The Headlong Poetry of Laura Martin

Photo by Jamie Street on Unsplash

The poet Franz Wright once described his art as “the glove with which you touch the universe, as well as your spiritual quest and your physical sustenance.” His later work was filled with the slack-jawed wonder of finding himself alive…really alive…in a luminous world.

The poet Laura Martin found that wonder early and has been waxing poetic throughout her life, finally reaching the world of print in her collection Breaking Into Light [Opus Self-Publishing, 2023]. The world around her is full of huge miracles discovered in small moments. 

Maybe you will be there when the cardinal comes to drink,

or the eyes of someone you love turn to your face.

Maybe you will grow something or harvest something.

Maybe you will make a stitch or let a prayer rise.

There are no simple acts.

This is your foundation.

—‘Priority List’ (41)

There are no simple acts. Every one of these maybes can open up a treasure house.

Martin’s poems have been delighting her Facebook friends for years. She has also brought that poetic spirit to her advocacy on behalf of unhoused persons and to her ministry at Rock Spring United Church of Christ in Arlington, Virginia.
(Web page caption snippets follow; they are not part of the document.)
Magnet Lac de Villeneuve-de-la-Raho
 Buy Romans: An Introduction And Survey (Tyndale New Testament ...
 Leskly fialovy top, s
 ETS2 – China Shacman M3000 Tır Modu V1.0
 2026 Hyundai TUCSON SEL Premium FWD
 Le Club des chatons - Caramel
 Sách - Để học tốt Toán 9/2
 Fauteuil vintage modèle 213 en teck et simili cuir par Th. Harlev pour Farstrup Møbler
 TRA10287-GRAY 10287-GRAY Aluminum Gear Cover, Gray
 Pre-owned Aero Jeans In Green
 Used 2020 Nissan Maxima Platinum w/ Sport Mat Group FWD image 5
It is a joy to now have this resource which reflects her exuberance and vision.

The five sections of the collection cover major themes in her work from justice work to grief and, most especially, the presence of the holy in the every day.  The poem ‘In the Silence’ describes waking with her dog in the ‘color-dark’ of early morning where he listens for movement and she listens for Silence, which “is not the sound of absence/but the sound of so much presence.” (9)
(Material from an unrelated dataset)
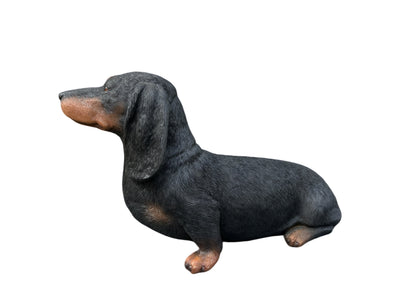 87799-C - Dachshund Black (Hi-Line Exclusive) Hi-Line Gift Ltd.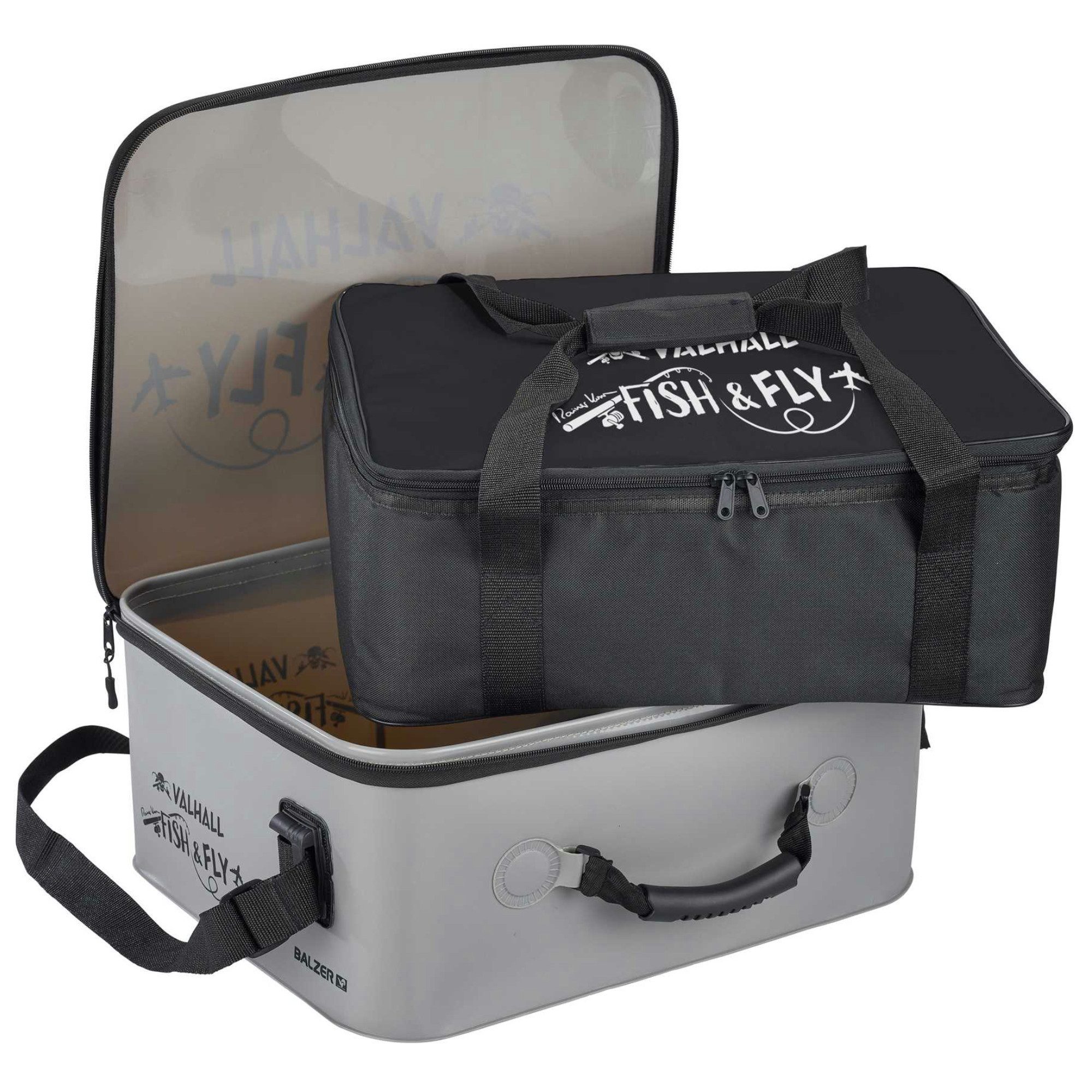 Balzer Aufbewahrungstasche Valhall Fish & Fly Tasche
In ‘Seasons of Presence’ she captures the sense of the everlasting in the passing: “I know then that everything is fragile/and that everything does not have to last/to be eternal.” (65)
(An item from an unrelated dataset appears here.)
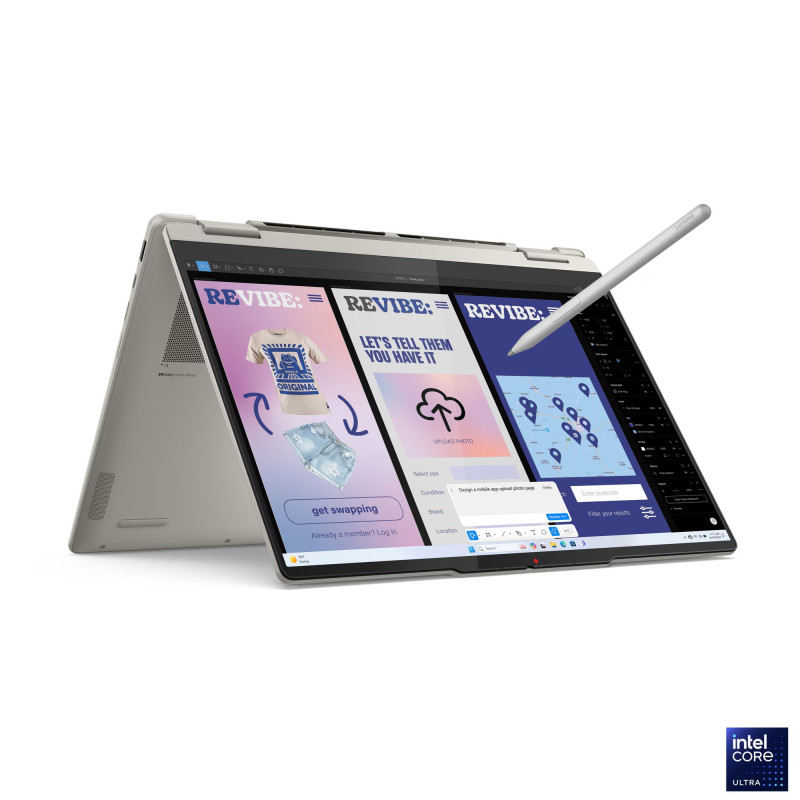 Lenovo Yoga 7 2-in-1/14ILL10/U5-226V/14"/2880x1800/T/16GB/1TB/Arc 130V/W11H/Blue-Slvr/2R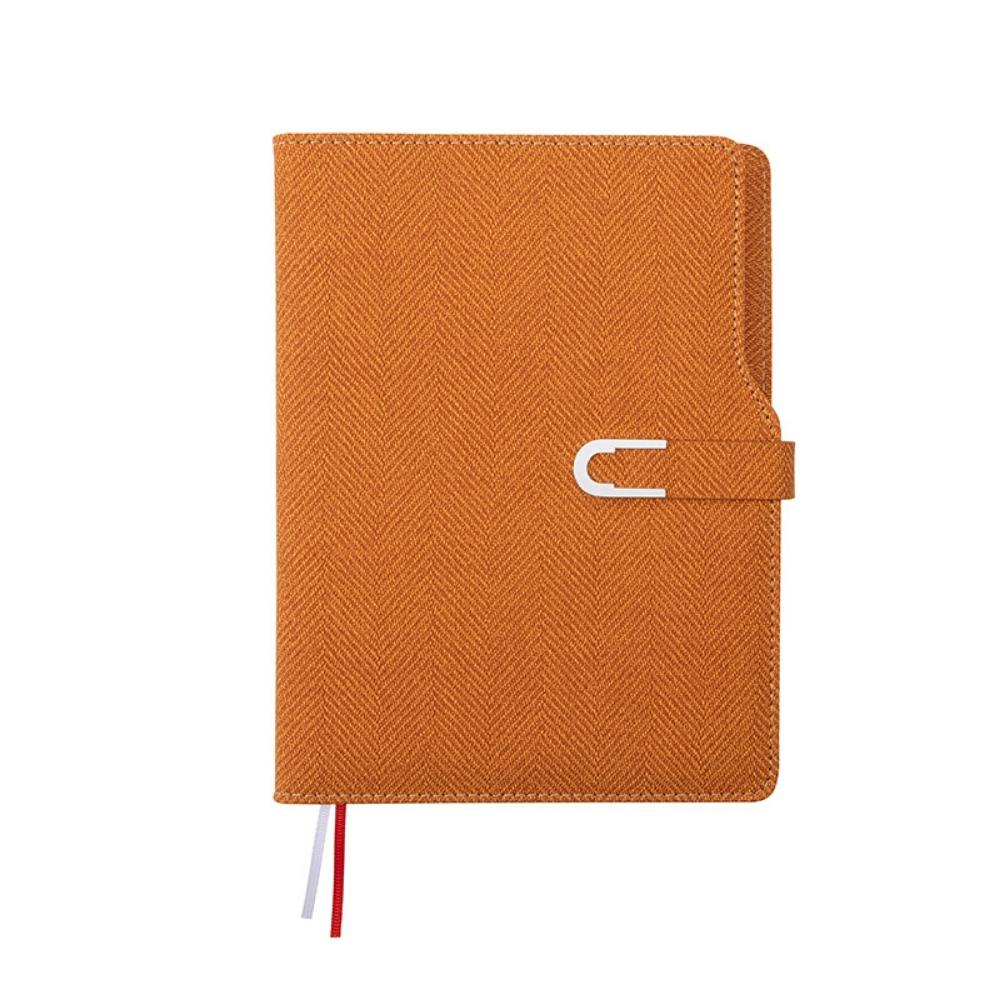 PU Leather Cover Business Office Notebook 200 Pages Diary Students Notebook  Agenda Organizer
What Martin may not admit in herself, she certainly sees mirrored in the life of the creatures around her. When she describes the wild abandon of dogs, she could surely be describing her own headlong approach to life:

‘Run when the possibility of it finds you.

Take joy, in bones or people or

in the sigh at night when you

circle to sleep.

Hold nothing back.

Play every day, with rainbow unicorns or old tennis balls

or the one who giggles and pretends to chase you.

Give away your heart

and keep your soul.

Believe that forever is this moment,

and that is enough.

—‘For Dogs’ (13)

This is a collection to savor and return to many times, wherever we are on our spiritual quest. Thank you, Laura.